Brown v. Board of Education of Topeka was a 1954 Supreme Court decision that undid the Plessy v. Ferguson decision of 1896. Brown v. Board stated that a separate but equal education was unequal and therefore, unconstitutional. Jim Crow was still intact in other societal elements, this decision only ended Jim Crow within the world of education.
So, what changed in the nearly 60 years between Plessy v. Ferguson and Brown v. Board? Did white people suddenly see how damaging their white supremacy was and had as a collective made a concerted effort to dismantle it? Yeah, no...Definitely not. If that had happened, it wouldn't have taken a Supreme Court decision to enforce it, we'd have just done it. What happened was the formation of an organization called the NAACP.
The NAACP was founded in 1908, and became an organization with actual political and monetary power behind it. It would use its power to move civil rights forward, before the Civil Rights movement of the 50's and 60's even began. Thurgood Marshall, an attorney for the NAACP was the lawyer who fought for the plaintiffs(Brown) in the Brown v. Board case. (Thurgood Marshall would go on to become the first Black Supreme Court justice, himself. Talk about full circle!)

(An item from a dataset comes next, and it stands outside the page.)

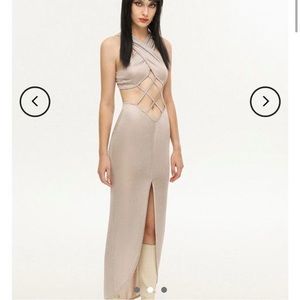 Halloween costume/gold dress/Cher/Athena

Black activists did all the work to force the Supreme Court to honor their own concepts. They had to prove that separate was not equal, and therefore, unconstitutional, so the SC had no choice but to relent. white America was once again forced to change, kicking and screaming(more on that tomorrow) into a slightly more equal in one area, nation. white people do not get to pat themselves on the back for this landmark change. We should be humiliated that it took a Supreme Court case to get us to move toward equality.